さまざまな人生の重なりの恩恵で進歩がある。無駄な時を過ごして
はいけないと思うこのごろである。

(写真はマンハッタン・トリニティ チャーチにて)

「肉体謳歌」

2005-06-05 12:55:22 | ニューヨーク暮らしの日々
お天とう様 太陽が出た!

 先週末のセントラルパークは久しぶりの太陽で日光浴の人々でに
ぎわった。アメリカには太め体格が多いが、均整の取れたかっこい
い肉体を誇る人も多い。フイットネスクラブで一番前にでる人は自信
に満ちた人たちだ。太めは自然と後列にまわる。しかも太めは長続
きせず、痩せる前にやめていく。
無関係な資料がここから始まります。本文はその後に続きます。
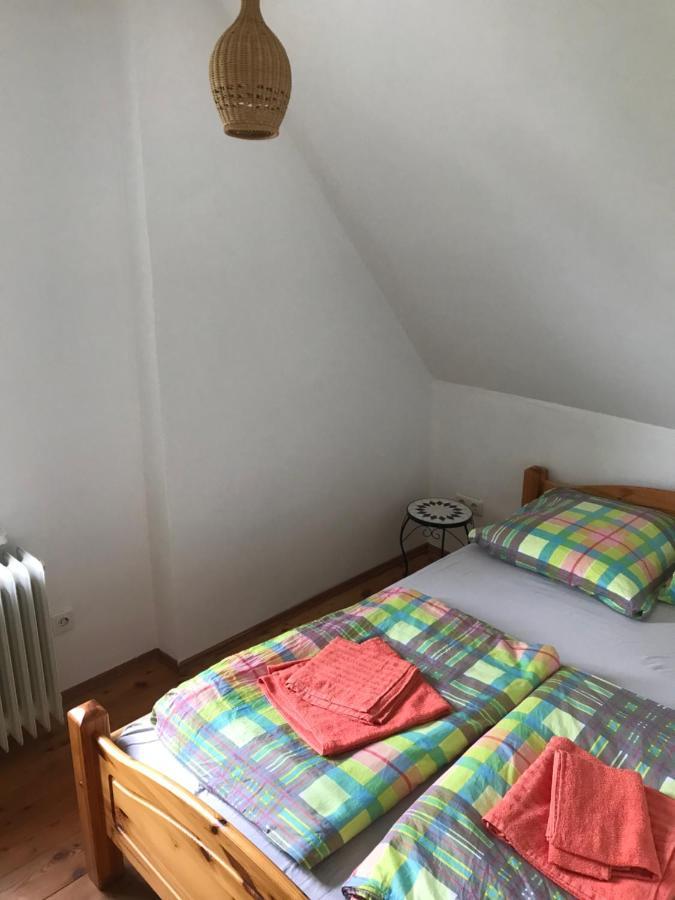 Charmante Altbau-Dg-Wohnung Mnichov Exteriér fotografie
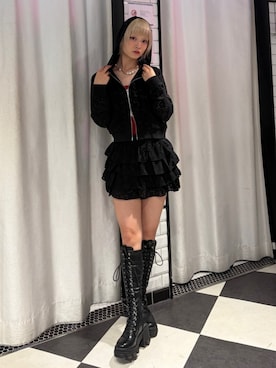 「jouetie（ジュエティ）のストレッチレースアップロングブーツ 厚底（ブーツ、ブラック系）」を使った、AMANEさん（レディース・163cm）の春コーディネート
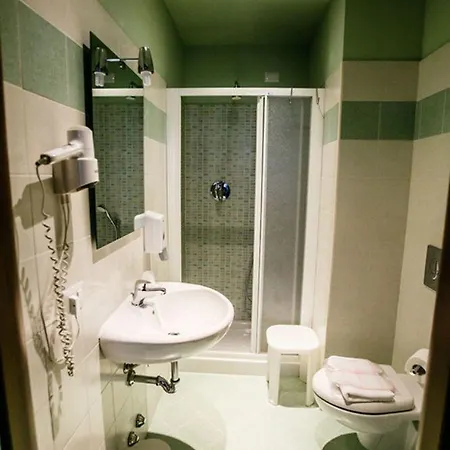 Av Hotel 2*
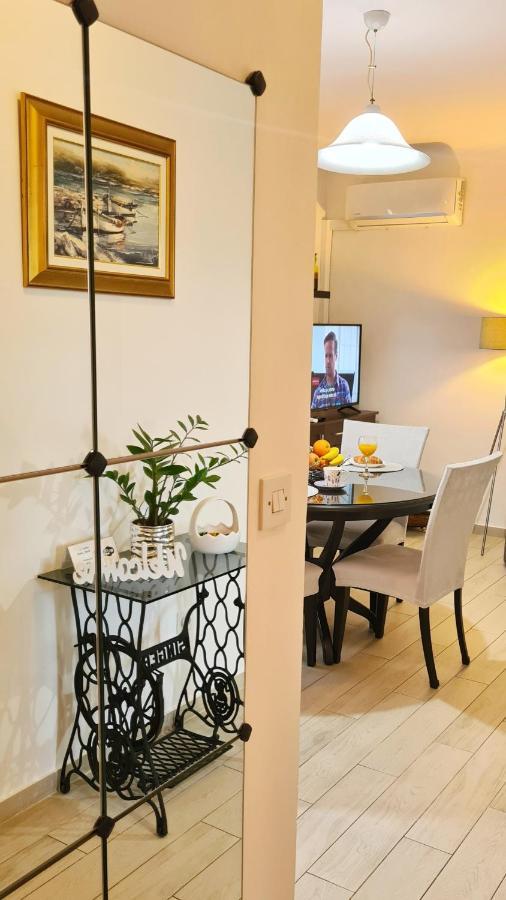 Apartment Sara Poljud Split Exterior foto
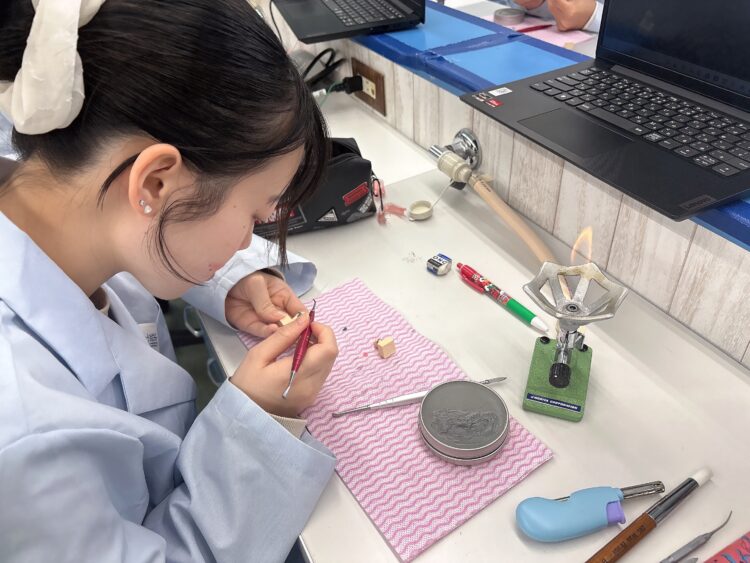 デジタル技工💻とアナログ技術✋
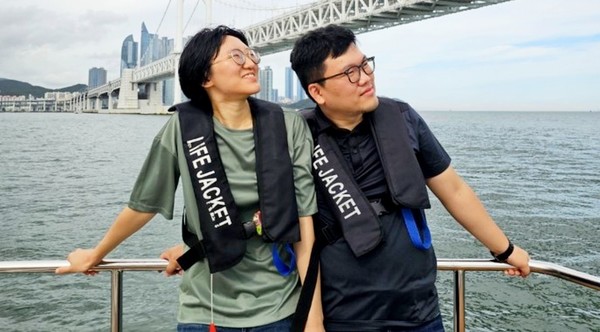 연극 뮤지컬 대본공모 당선작 무저갱을 집필한 (오른쪽부타)신호권, 박은우 작가. [사진=어댑터씨어터]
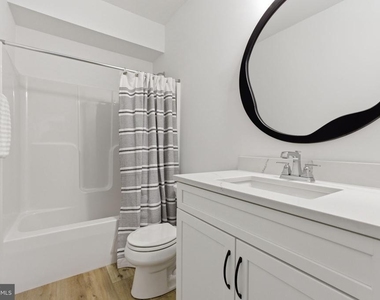 916 Waterview Drive - Photo Thumbnail 18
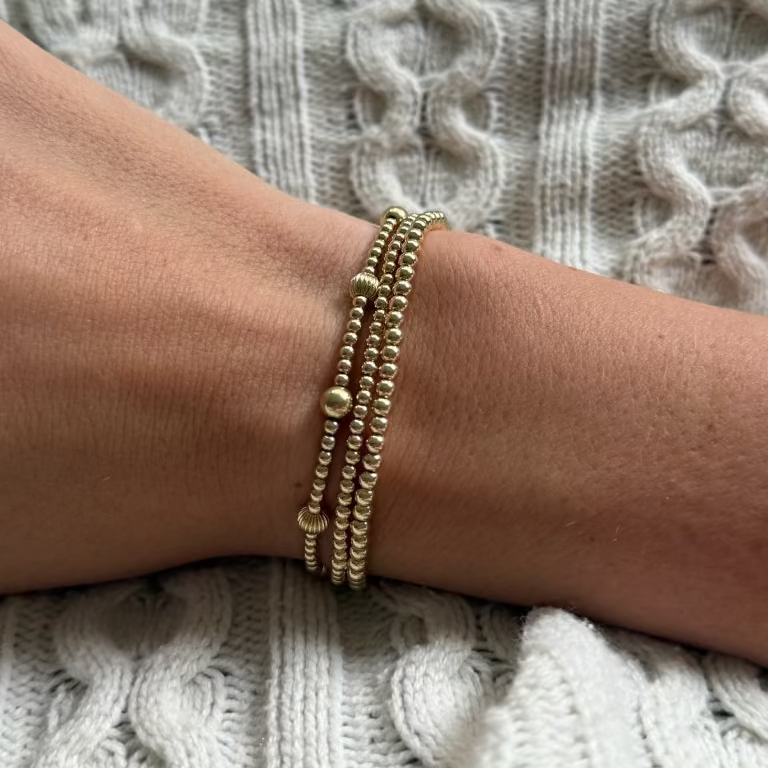 dainty station juno bracelet three stack (2+3+station)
自信が人間をさらに美しくしていく
のだろう。
 
 パークを走る人たちも美しい。ファッションも裸を誇示するデザイン
が大部分を占める。その昔、セックス専門店に売っていたような下
着が、今では下着専門店のウインドーを飾っている。其の下着を付
けるには美しい体が必要になる。アメリカ人の肉体的関心は絶大で
ある。細いだけでは魅力がない。健康美でなければならない。
しかし、シニアにも美しい人がいる。
自信の種類だっていろいろある。
思わぬことに出くわし、いろいろなことを考えながら歩くセントラルパ
ークの散歩はとにかく愉快である。